*** Block opens ***

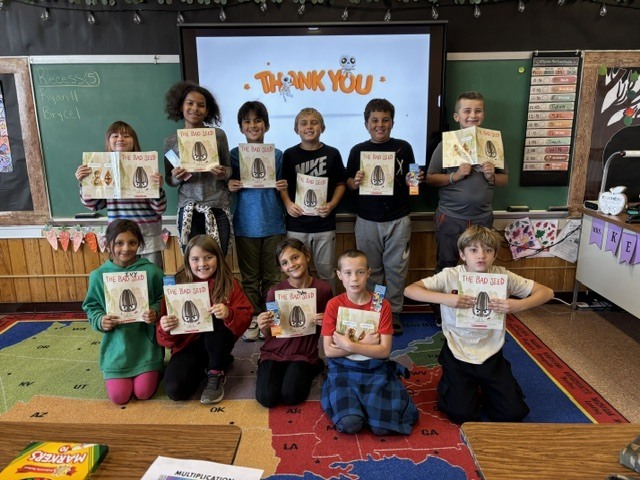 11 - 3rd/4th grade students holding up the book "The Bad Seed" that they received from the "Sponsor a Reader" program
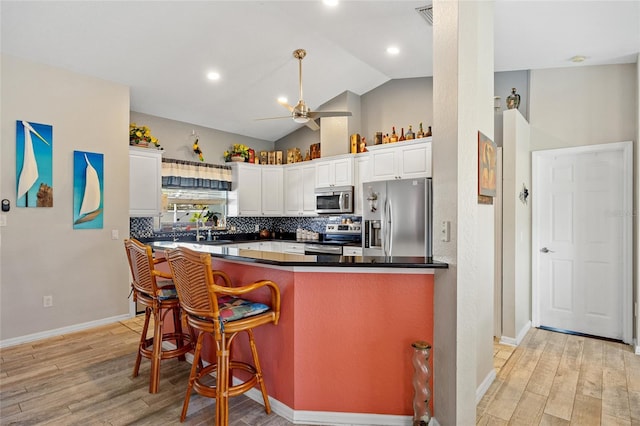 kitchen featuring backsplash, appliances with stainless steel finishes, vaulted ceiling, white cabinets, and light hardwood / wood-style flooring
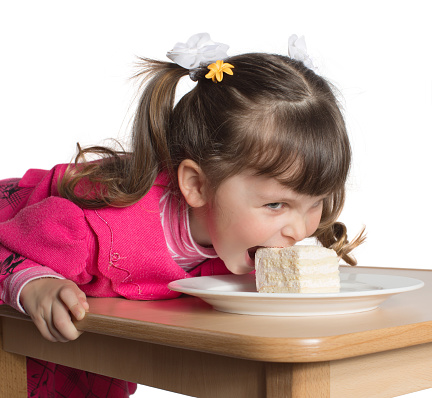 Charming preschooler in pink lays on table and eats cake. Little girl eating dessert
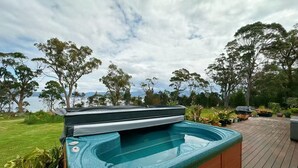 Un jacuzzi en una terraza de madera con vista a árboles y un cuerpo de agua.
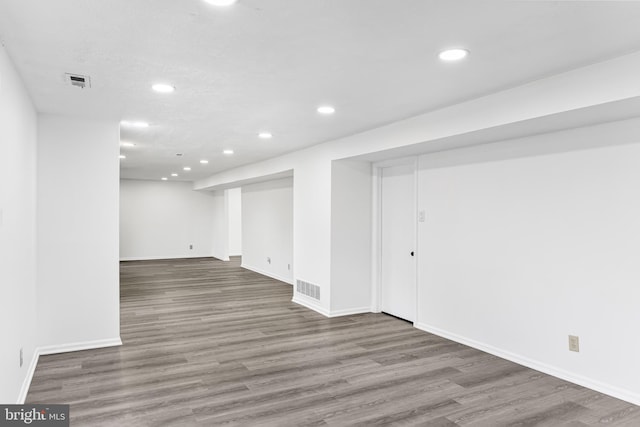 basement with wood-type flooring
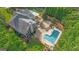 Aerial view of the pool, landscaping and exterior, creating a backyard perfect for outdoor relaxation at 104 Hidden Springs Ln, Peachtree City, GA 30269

*** Block closes ***
*** Block opens ***

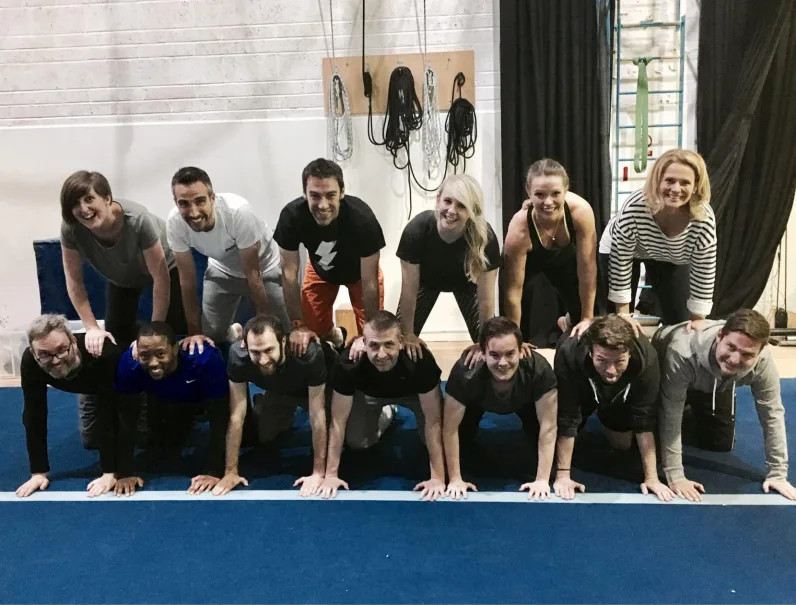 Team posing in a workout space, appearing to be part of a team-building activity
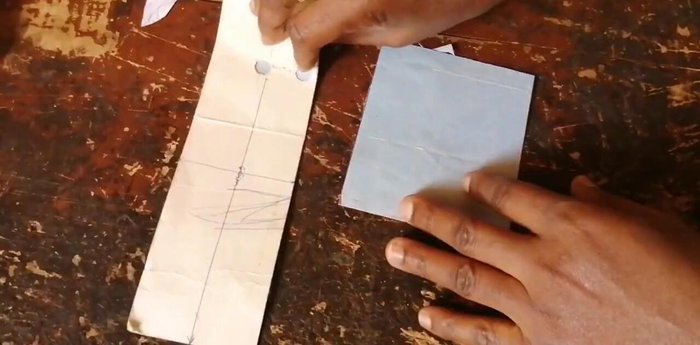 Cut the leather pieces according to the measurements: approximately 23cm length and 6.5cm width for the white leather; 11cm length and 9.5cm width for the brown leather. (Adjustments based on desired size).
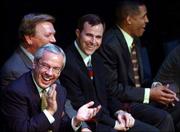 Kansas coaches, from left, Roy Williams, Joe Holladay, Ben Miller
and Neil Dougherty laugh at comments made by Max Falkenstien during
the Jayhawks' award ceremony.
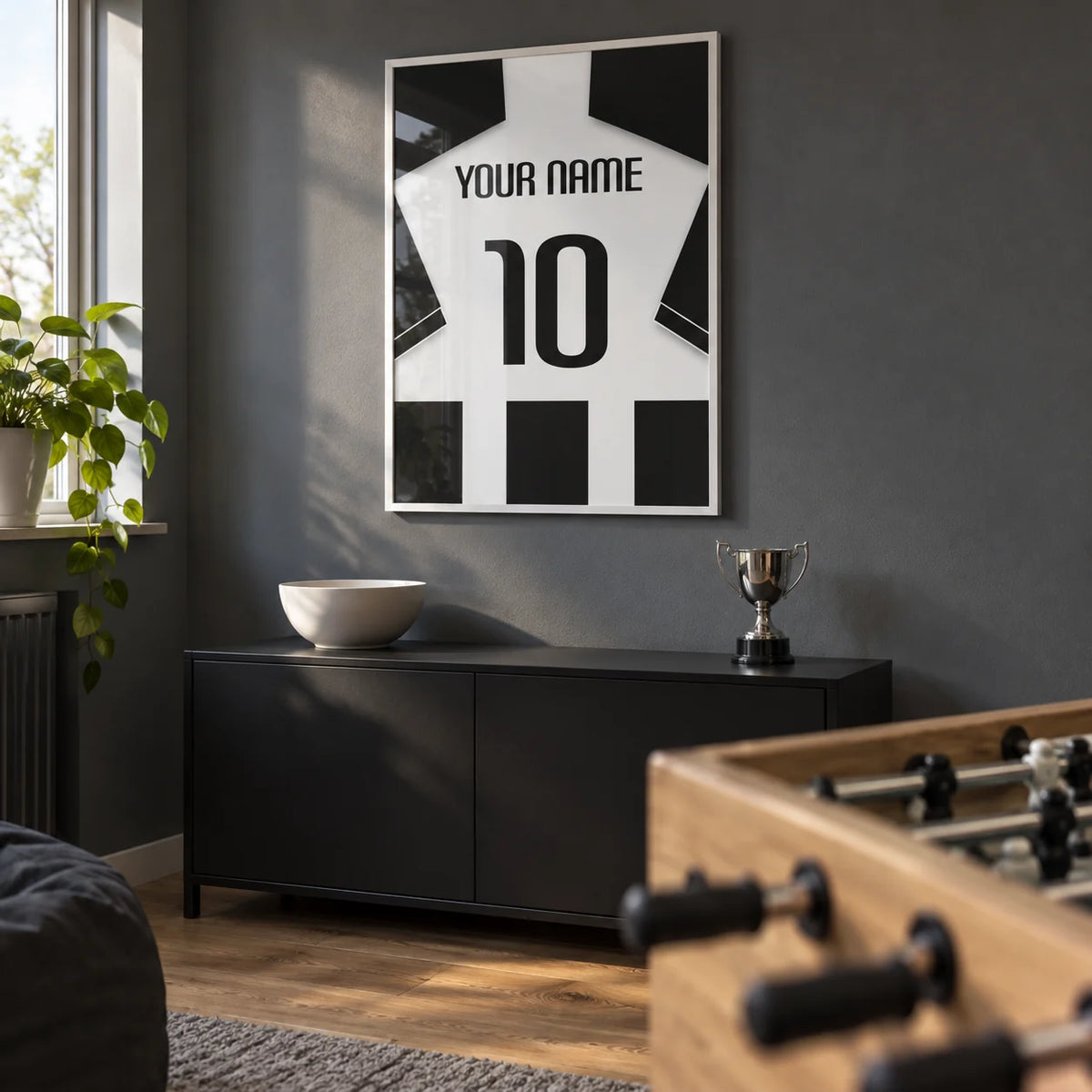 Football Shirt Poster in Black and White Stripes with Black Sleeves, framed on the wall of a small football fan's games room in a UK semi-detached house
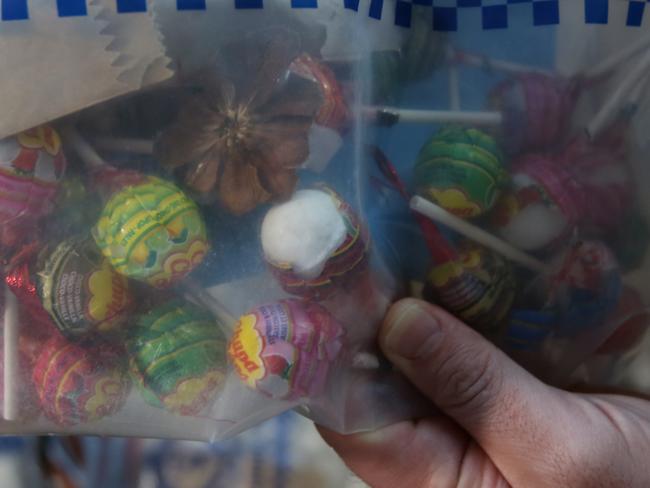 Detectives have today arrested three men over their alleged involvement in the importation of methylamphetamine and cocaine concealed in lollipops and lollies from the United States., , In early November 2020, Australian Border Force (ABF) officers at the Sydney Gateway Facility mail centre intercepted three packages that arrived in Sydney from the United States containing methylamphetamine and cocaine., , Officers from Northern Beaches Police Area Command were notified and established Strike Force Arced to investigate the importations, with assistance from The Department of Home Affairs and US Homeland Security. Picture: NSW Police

*** Block closes ***

WHAT THIS TASK INVOLVES:
Above are some records. Output exactly the lines from the one that contains "Charming preschooler in" to the one that contains "Aerial view of", keeping both, and omit the pictures.

RESULT BELOW:
 Charming preschooler in pink lays on table and eats cake. Little girl eating dessert
 Un jacuzzi en una terraza de madera con vista a árboles y un cuerpo de agua.
 basement with wood-type flooring
 Aerial view of the pool, landscaping and exterior, creating a backyard perfect for outdoor relaxation at 104 Hidden Springs Ln, Peachtree City, GA 30269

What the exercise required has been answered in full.